To facilitate interpretation and application of the results, we categorized DI values into six distinct levels of thermal comfort, based on thresholds established in previous literature and adapted for the Indian context through preliminary sensitivity analysis:

• Comfortable: DI < 21 (Conditions where most individuals feel thermally comfortable while walking)
• Partially Comfortable: 21 ≤ DI < 24 (Slight warmth, but generally acceptable for walking)
• Partially Uncomfortable: 24 ≤ DI < 27 (Noticeable discomfort, potentially limiting walking duration)
• Uncomfortable: 27 ≤ DI < 29 (Significant discomfort, likely to deter walking for many individuals)
• Very Uncomfortable: 29 ≤ DI < 32 (Severe discomfort, substantial reduction in walking activity expected)
• Extremely Uncomfortable: DI ≥ 32 (Dangerous conditions, walking outdoors strongly discouraged)

These categories provide a nuanced framework for assessing the impacts of thermal conditions on walkability, recognizing that thermal comfort exists on a spectrum rather than as a binary state. The thresholds were validated against existing literature on pedestrian behavior under various thermal conditions, with particular attention to studies conducted in tropical and subtropical climates similar to those found across much of India.

3.3. Exposure Calculation

Moving beyond simple physical measurements, we developed a population exposure metric to quantify the human impact of thermal discomfort. This approach recognizes that the significance of thermal stress depends not only on its intensity but also on the number of people affected and their vulnerability characteristics.

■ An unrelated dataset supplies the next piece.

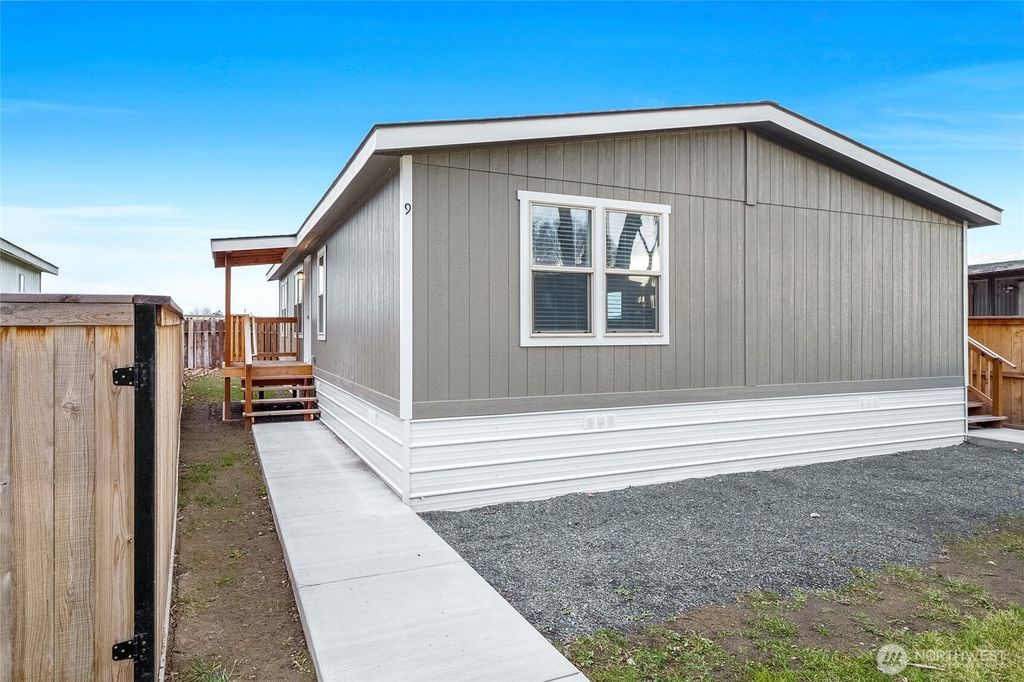 Photo of 3131 W Wapato Drive #9, Moses Lake, WA 98837 (MLS # 2469268)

Population exposure was calculated by assigning differential weights to DI categories based on their discomfort severity: a weight of 1 for Uncomfortable conditions (27 ≤ DI < 29), 2 for Very Uncomfortable conditions (29 ≤ DI < 32), and 3 for Extremely Uncomfortable conditions (DI ≥ 32). This weighting system reflects the non-linear relationship between discomfort intensity and its impact on human health and behavior, with particularly severe conditions receiving exponentially greater weight.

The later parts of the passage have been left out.